D’ailleurs, lorsque Jeanne Friot conçoit cette nouvelle collection printemps-été 2024 intitulée “Sirens”, la triste actualité américaine légiférant, au printemps dernier, contre les droits des personnes transgenres et contre les spectacles de drag-queens, la conforte dans son inspiration et dans ses revendications. “En tant que personne queer, c’est important de raconter notre histoire, d’avoir des récits réparateurs.
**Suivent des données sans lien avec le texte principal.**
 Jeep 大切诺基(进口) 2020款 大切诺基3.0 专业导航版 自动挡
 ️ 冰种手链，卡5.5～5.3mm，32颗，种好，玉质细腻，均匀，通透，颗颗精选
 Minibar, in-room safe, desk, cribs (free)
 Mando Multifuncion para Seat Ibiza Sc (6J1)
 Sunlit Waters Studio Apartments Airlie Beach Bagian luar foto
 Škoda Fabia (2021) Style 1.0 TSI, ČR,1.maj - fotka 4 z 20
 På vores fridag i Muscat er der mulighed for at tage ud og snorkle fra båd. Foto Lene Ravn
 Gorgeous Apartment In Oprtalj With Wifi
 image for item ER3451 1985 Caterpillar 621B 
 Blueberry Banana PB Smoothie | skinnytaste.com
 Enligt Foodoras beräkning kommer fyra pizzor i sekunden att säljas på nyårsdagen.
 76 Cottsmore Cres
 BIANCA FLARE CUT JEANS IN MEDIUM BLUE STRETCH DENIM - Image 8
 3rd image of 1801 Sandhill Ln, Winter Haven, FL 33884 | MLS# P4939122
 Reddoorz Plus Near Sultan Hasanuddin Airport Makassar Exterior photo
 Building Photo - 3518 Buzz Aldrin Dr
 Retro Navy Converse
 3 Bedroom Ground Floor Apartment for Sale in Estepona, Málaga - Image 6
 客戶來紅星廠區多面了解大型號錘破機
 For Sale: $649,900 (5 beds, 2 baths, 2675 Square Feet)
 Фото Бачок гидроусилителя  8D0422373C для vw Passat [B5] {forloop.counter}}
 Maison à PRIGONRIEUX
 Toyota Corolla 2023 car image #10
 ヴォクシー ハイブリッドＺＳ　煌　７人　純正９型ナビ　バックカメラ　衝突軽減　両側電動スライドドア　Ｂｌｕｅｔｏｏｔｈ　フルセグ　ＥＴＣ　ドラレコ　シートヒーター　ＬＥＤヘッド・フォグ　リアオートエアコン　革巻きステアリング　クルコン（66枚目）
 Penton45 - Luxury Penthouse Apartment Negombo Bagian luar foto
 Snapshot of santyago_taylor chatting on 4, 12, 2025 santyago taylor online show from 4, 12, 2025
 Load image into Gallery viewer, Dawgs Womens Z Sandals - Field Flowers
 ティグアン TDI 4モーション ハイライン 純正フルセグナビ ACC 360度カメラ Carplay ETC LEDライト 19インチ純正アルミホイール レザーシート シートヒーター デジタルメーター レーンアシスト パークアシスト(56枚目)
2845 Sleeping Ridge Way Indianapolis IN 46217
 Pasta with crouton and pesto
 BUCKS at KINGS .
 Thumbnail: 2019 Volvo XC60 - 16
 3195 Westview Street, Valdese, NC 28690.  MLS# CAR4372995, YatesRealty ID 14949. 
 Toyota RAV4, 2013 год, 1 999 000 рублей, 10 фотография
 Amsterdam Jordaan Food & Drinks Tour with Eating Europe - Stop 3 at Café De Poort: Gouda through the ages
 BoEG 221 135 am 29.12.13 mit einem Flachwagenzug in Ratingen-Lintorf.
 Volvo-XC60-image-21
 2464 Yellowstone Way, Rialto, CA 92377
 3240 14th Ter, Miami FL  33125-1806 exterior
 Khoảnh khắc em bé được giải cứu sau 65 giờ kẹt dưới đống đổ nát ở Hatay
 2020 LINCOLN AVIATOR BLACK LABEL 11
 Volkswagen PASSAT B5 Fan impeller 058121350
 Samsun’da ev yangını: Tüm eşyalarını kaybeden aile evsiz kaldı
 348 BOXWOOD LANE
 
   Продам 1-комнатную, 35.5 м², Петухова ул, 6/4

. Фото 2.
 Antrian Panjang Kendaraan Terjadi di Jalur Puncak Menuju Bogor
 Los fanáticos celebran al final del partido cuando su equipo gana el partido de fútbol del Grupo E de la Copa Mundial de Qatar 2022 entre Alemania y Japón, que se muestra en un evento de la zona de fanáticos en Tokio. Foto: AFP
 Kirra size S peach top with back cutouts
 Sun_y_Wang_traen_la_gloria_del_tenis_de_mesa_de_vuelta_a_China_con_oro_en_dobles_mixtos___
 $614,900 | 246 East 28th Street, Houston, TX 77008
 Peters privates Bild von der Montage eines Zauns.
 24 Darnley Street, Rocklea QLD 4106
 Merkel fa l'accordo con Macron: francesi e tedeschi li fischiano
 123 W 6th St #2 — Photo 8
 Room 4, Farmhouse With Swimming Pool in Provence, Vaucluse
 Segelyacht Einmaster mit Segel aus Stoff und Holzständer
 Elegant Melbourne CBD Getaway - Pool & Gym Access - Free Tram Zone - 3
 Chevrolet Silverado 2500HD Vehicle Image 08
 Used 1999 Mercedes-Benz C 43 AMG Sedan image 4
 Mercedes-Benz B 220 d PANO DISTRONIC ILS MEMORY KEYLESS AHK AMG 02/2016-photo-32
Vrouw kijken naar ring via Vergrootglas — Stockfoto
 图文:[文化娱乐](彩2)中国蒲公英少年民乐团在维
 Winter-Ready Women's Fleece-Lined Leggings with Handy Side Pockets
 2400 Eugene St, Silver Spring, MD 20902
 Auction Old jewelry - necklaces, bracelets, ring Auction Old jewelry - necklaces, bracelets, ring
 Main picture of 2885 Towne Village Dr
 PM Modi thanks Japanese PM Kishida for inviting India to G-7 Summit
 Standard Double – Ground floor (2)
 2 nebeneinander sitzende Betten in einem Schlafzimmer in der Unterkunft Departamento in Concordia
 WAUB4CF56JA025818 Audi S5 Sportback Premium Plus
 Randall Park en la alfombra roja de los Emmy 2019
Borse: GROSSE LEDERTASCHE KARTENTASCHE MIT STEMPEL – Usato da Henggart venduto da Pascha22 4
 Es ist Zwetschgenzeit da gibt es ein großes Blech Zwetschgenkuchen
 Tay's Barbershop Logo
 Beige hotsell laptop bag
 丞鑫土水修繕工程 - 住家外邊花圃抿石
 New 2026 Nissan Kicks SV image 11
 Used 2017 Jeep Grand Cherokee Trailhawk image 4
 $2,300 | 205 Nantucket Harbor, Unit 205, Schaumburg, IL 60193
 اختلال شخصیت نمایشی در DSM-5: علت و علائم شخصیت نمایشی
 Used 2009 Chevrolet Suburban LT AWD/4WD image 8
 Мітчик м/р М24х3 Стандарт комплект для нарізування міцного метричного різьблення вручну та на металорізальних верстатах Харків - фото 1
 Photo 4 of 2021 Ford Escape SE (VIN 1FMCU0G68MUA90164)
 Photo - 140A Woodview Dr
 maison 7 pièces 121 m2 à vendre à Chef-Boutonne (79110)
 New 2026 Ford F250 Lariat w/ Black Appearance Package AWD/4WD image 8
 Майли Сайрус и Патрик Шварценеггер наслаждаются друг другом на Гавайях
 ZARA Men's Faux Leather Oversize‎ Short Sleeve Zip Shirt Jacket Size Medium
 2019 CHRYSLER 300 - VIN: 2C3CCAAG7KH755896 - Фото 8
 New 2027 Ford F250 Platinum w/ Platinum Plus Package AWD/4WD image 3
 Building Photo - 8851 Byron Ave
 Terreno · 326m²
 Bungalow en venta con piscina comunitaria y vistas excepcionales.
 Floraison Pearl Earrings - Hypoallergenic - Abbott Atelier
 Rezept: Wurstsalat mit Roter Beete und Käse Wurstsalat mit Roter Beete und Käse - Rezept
La Petite Sirène ne se termine pas bien : elle perd sa voix, sa queue, et elle ne peut même pas dire à son mec qu’elle l’aime ! Donc on a décidé de reprendre le conte et de le transformer en un message positif.” En découlent des silhouettes aux allures de sirène queer, composées de longues jupes en jean fendues qui épousent parfaitement le bas du corps, de hauts et de robes minimalistes en mesh transparente effet mouillé ou de vestes brodés de sequins bleus semblables à des gouttes d’eau perlant sur le torse… Sans oublier les statement pieces, une robe, une jupe et un haut, fabriqués à partir de coquillages accrochés sur des chaînes, dont les tintements rappellent à chaque pas le bruit de l’océan. Et rappellent aussi la démarche durable du label de Jeanne Friot, qui produit chacun de ses vêtements en édition limitée à partir de dead-stocks : en l’occurence ici, des coquilles Saint-Jacques rachetées à des restaurateurs ou ramassées sur la plage. 

 

Le défilé Jeanne Friot, entre robes coquillages, mini-jupes à sequins et ensembles en jean

 

Outre ces looks atypiques, Jeanne Friot propose aussi des ensembles plus simples, “pour que des personnes comme ma mère ou mon grand-père puissent aussi porter des pièces de cette collection”, à l’image des hauts et bas en denim délavé qui promettent, comme les kilts écossais de la saison dernière, d’être un énorme succès. En veste à manche courte ceinturée, en longue jupe ouverte ou en version mini, en crop-top ou pantalon orné de franges… L’ensemble est si cohérent qu’il semble presque impossible de pouvoir faire un choix parmi les pièces présentées à ce défilé. Une chose est sûre : Jeanne Friot est une créatrice à suivre de très, très près.